University of Vassouras
- Former name: Universidade Severino Sombra
- Motto: Breaking Codes
- Type: Private
- Established: January 29, 1967
- Affiliations: FUSVE
- Chancellor: Marco Antonio Vaz Capute
- Rector: Marco Antonio Soares de Souza
- Location: Vassouras, Rio de Janeiro, Brazil 22°24′33″S 43°39′51″W﻿ / ﻿22.4093°S 43.6641°W
- Campus: Urban;
- Colors: Burgundy and Grey
- Website: www.universidadedevassouras.edu.br

= University of Vassouras =

University in Brazil

The University of Vassouras (Portuguese: Universidade de Vassouras), formerly known as Universidade Severino Sombra, is a private university in Brazil, located in the city of Vassouras, in the state of Rio de Janeiro. It was founded on January 29, 1967.

It is a non-profit institution, maintained by Severino Sombra Educational Foundation (most known as FUSVE), established in 1967 in Vassouras. The recognition of the educational institution as a university took place in July 1997. It was founded by the politician, Brazilian federal congressman and military officer Gen.

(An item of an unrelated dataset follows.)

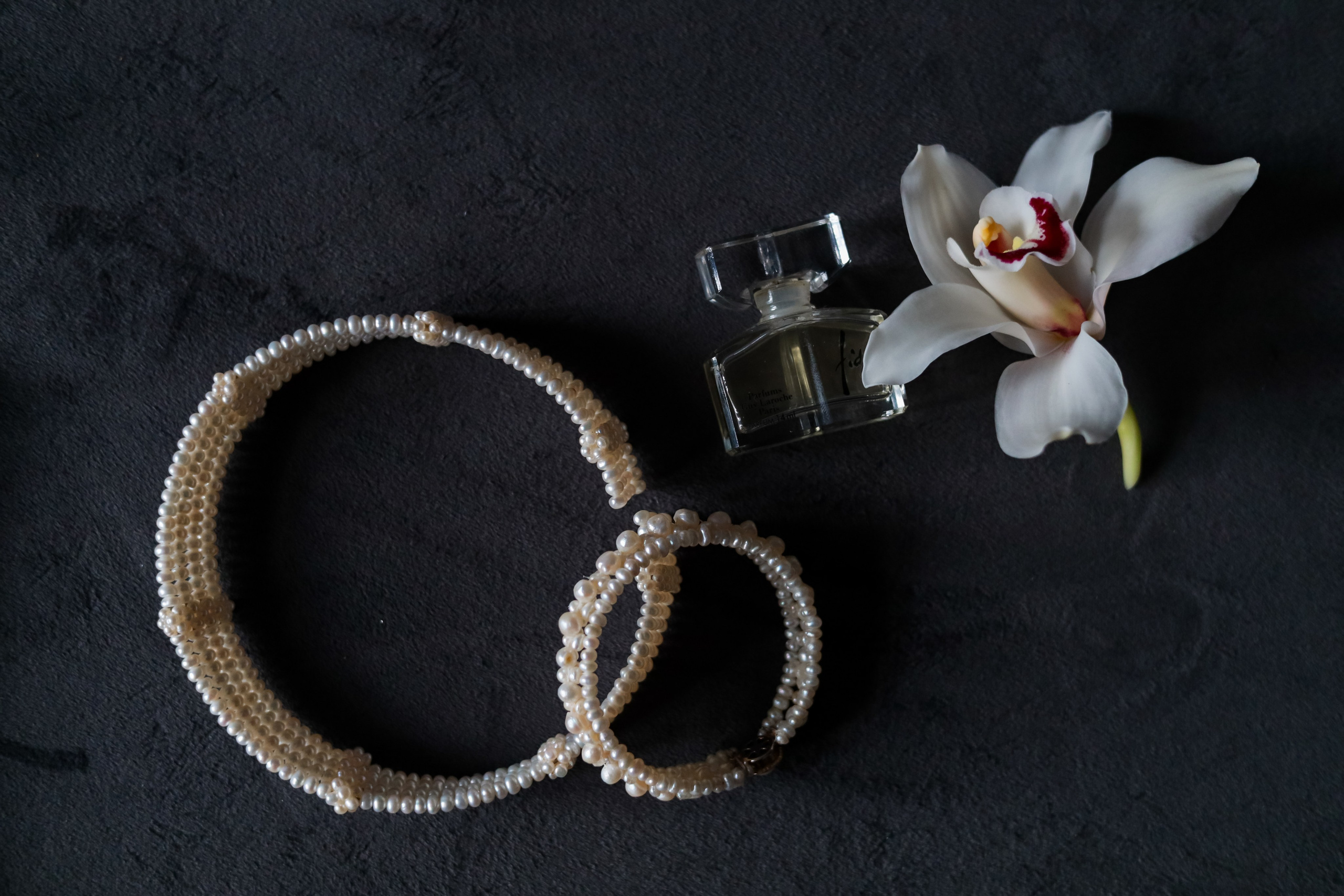 Настя и Сергей. Свадебный фотограф Беларусь Ольга Козыренко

Severino Sombra.

The university exerts great influence on the landscape of the southern region of Rio de Janeiro. All of the university's facilities are located within a three-kilometer radius of each other, which aims to facilitate the movement of students between the buildings. The institution's campus is 120 kilometers from the state capital.

The university provides many laboratories, air-conditioned rooms, a library, a dental clinic, a veterinary clinic, and its own university hospital (the Vassouras University Hospital).

==Admission==
For undergraduate admission to Univassouras two exams are used: ENEM and its own vestibular test.